What is said about censorship is true. Britain was freer than most after the legal mechanisms for policing print lapsed in 1695. Still, many works were published anonymously, for fear of public reaction. Swift is an excellent example…even though his satire was so entertaining that Gulliver’s Travels is widely read today without any notion of its satirical intent (nicely explained in this video).
Still, to steal a title from Swift, this was truly a time when a “Battle of the Books” was first allowed to take place. More on the political and philosophical background to Gulliver’s Travels here on Cliffs Notes.
The lowness of interest, in all other countries a sign of wealth, is in us a proof of misery, there being no trade to employ any borrower. Hence alone comes the dearness of land, since the savers have no other way to lay out their money.
I have sometimes thought, that this paradox of the Kingdom growing rich, is chiefly owing to those worthy gentlemen the BANKERS, who, except some custom-house officers, birds of passage, oppressive thrifty squires, and a few others that shall be nameless, are the only thriving people among us: And I have often wished that a law were enacted to hang up half a dozen bankers every year, and thereby interpose at least some short delay, to the further ruin of Ireland.”
Jonathan Swift on banking in his
2008 1728 Tract, A short view of the state of Ireland.
His account of rising prices, and Dublin being full of new buildings as builders hire each other is oddly familiar.

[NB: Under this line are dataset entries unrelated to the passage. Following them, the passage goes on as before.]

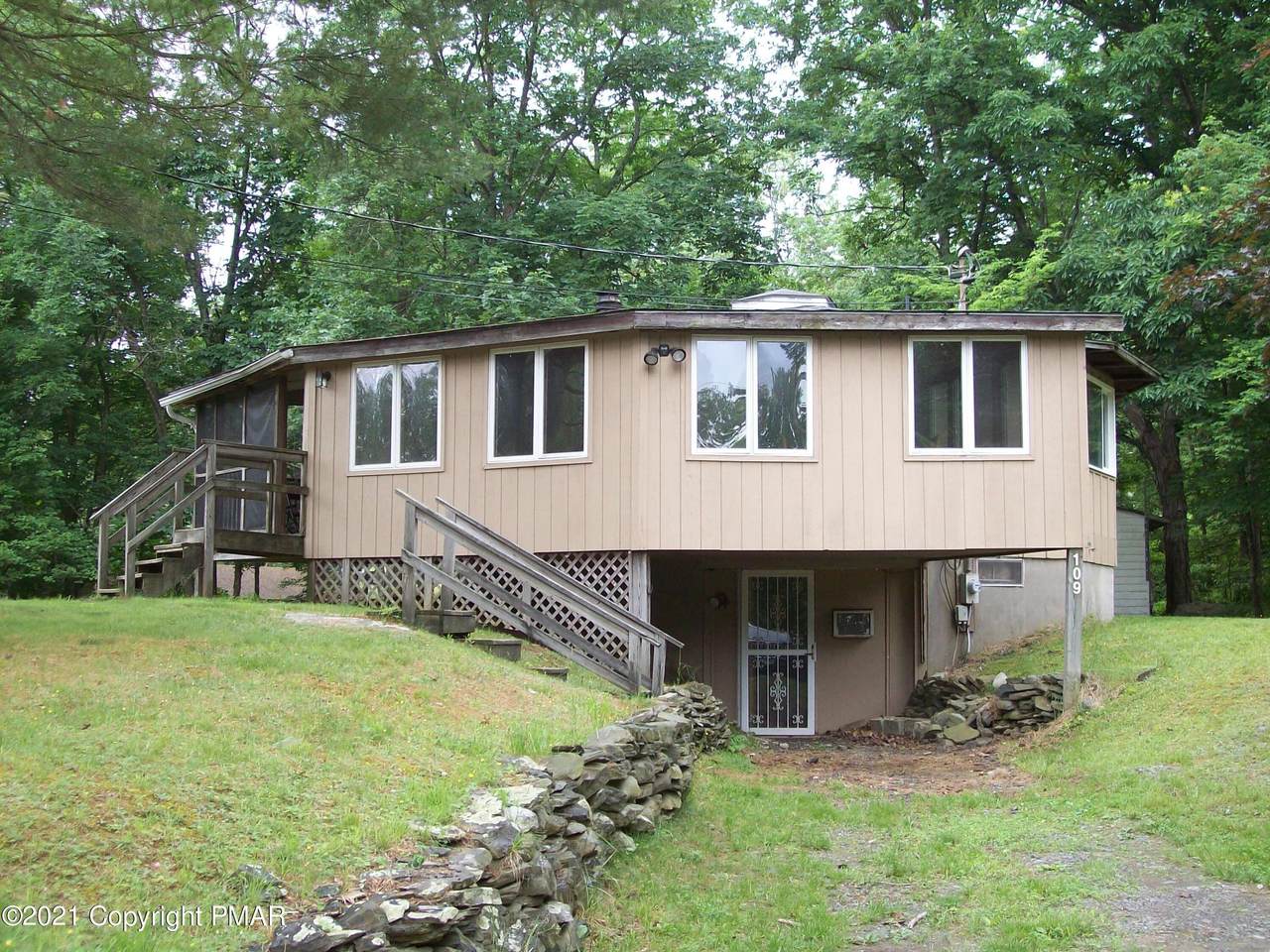 109 Stag Ct - Photo 1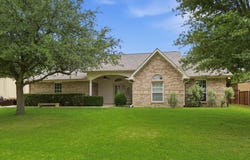 306 Oak Drive, Argyle, TX 76226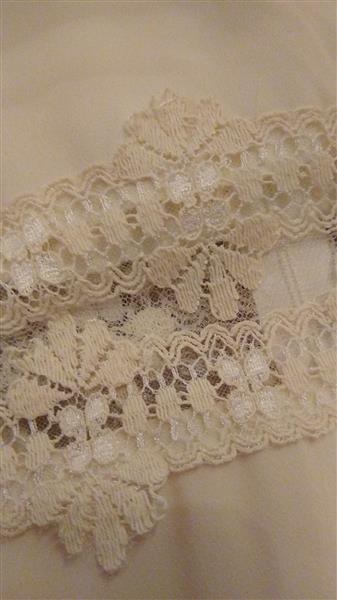 Grote foto stijlvolle roomwitte trouwjurk kleding dames trouwkleding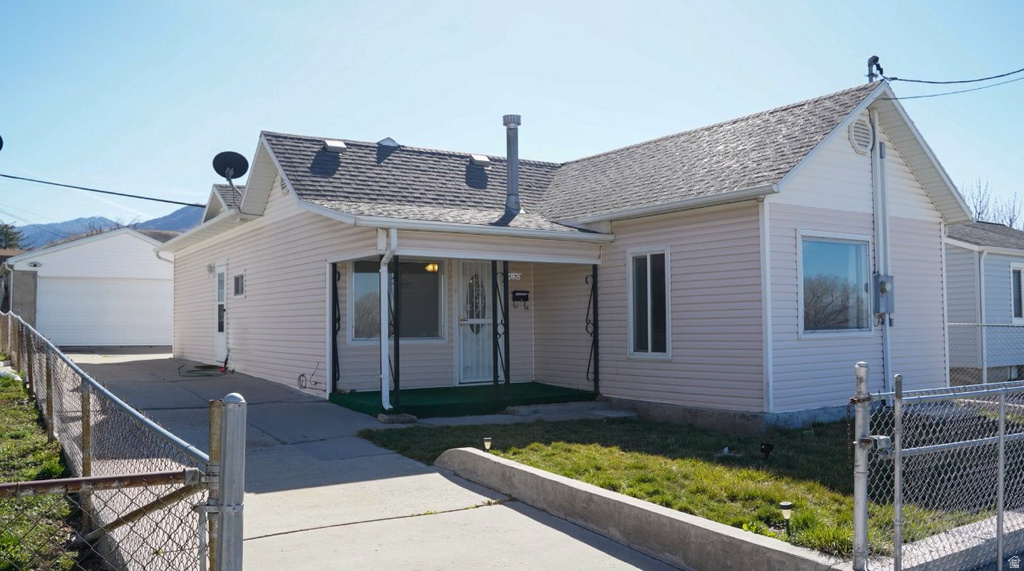 268 E VINE ST Tooele, UT 84074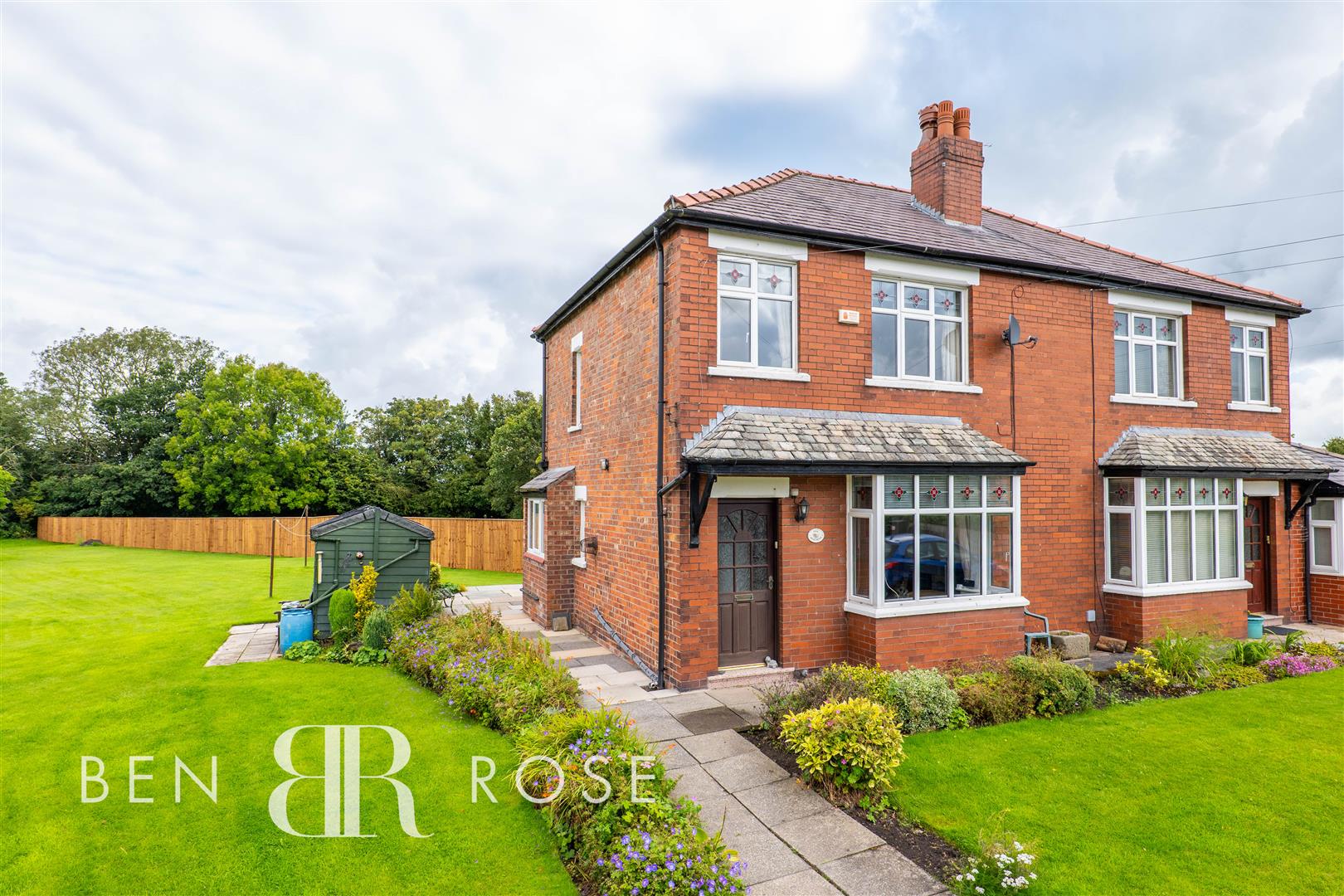 Property in Parr Lane, Eccleston, Chorley, PR7 5SL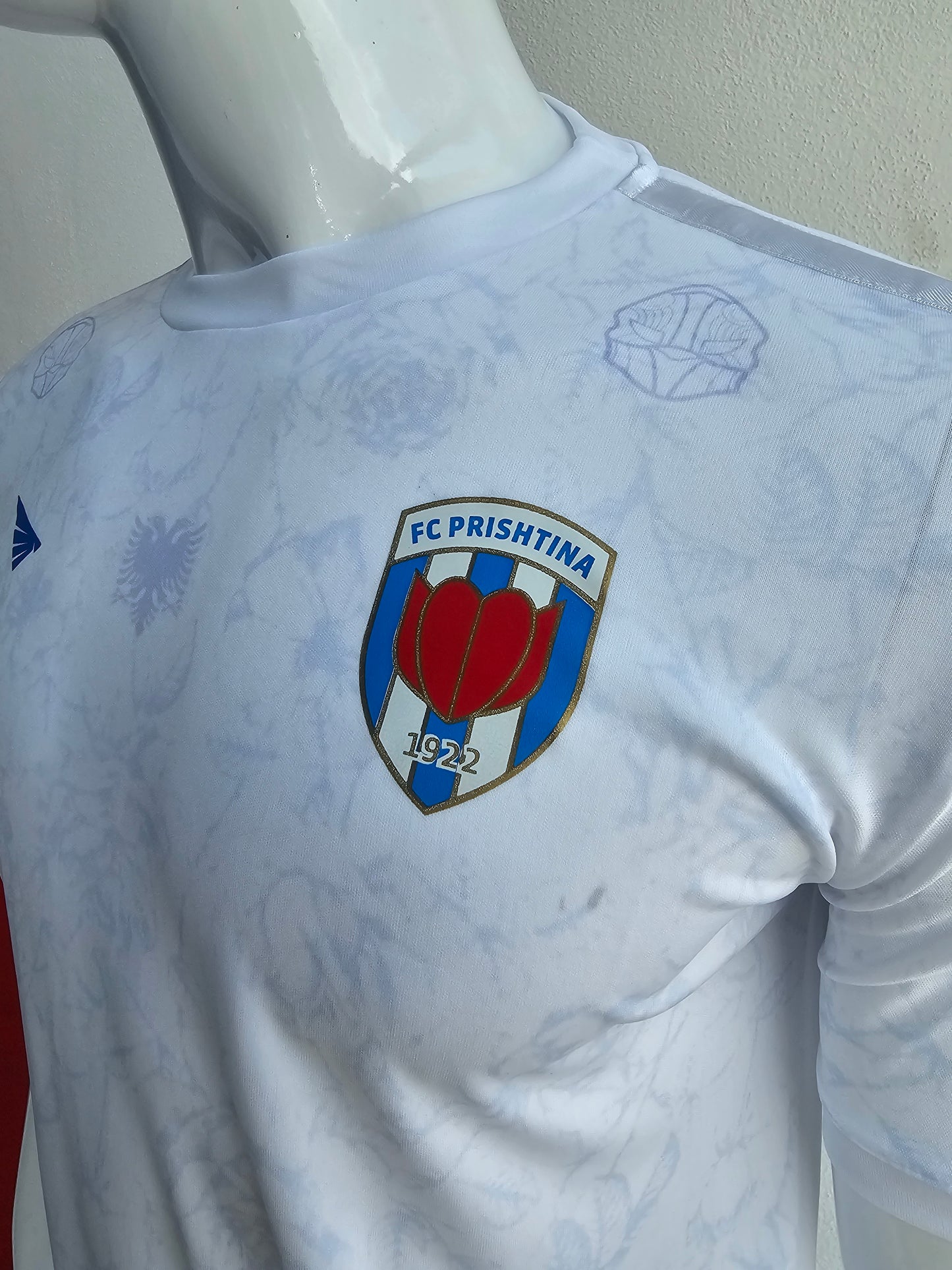 FC PRISHTINA HOME KIT (Replica)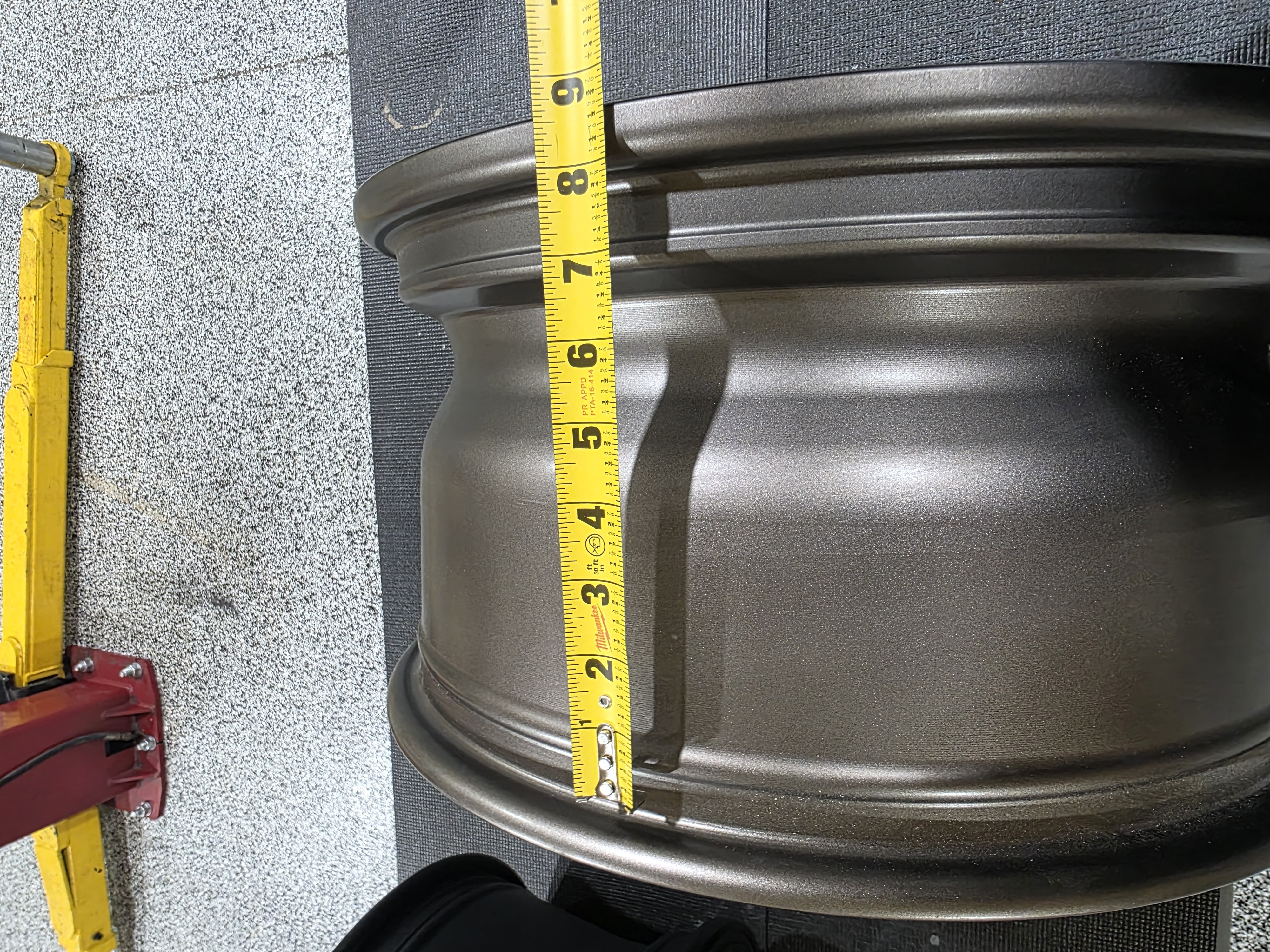 Graphic showing Jeep wheel width differences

This year (2013) marks the 300th anniversary of Swift becoming Dean of St Patrick’s Cathedral (he was installed on 13th June, 1713). The picture above is from the title page to Jonathan Swift’s Works of 1735. Beneath Swift’s feet lies a figure, probably Mr. Wood, with his brass half-pennies strewn below. Ireland kneels before Swift to thank him. The Latin inscription, from Horace, says, “I have made a monument more lasting than brass.” This all refers to Swift’s work that combines political philosophy with rhetoric, the Drapier Letters,
Drapier’s Letters were a series of pamphlets, supposedly written by a Mr. Drapier, a draper by trade. They were written in response to the decision in 1722 to allow Mr Wood to create new copper coinage for Ireland up to the value of £180,000, a right obtainedafter payment of £100,000 as a bribe to the Duchess of Kendal, mistress to King George I. New coinage was needed in Ireland but this measure was imposed on Ireland without the consultation or control of the Irish government.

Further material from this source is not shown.